Nigerian President Muhammadu Buhari met with President Trump on Monday to discuss the U.S.' economic, strategic and diplomatic partnership with Nigeria.

Why it matters: Trump's relationship with African countries has been mired in public and diplomatic scandal, and his meeting with the president of Africa's most populous country presents an opportunity to make amends.

Trump’s relationship with African countries in general was damaged by his alleged characterization of them as “shithole countries.” Adding insult to injury, former Secretary of State Rex Tillerson’s visit to Africa was marred after he was fired in Nigeria. There is still no assistant secretary of state for Africa, and numerous high-level, Africa-related positions across the administration have yet to be filled.

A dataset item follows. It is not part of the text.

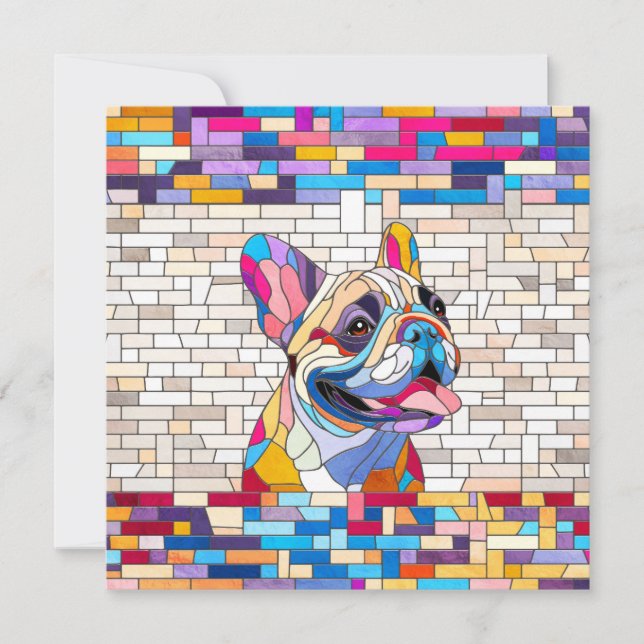 Bulldog Francês - Frenchie - mosaico colorido (Frente)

Trump and Buhari focused on strengthening the bilateral strategic partnership, fostering economic growth and encouraging Nigeria’s democratic trajectory (national elections are scheduled for for February 2019). Nigeria has also requested more security assistance for the fight against Boko Haram and further support in recovering looted Nigerian funds now parked in the U.S.

The big picture: Scandals aside, the Trump administration’s relationship with Africa shows continuity with past administrations. It has encouraged economic development and investment, proceeded with the sale of light aircraft (which the Buhari administration wanted badly), expanded U.S. security assistance to those fighting violent Islamist extremism in Africa and continued support of the President’s Emergency Plan for AIDS Relief and other medical assistance programs. Buhari's visit in itself is also bound to enhance Nigeria’s leadership position in West Africa.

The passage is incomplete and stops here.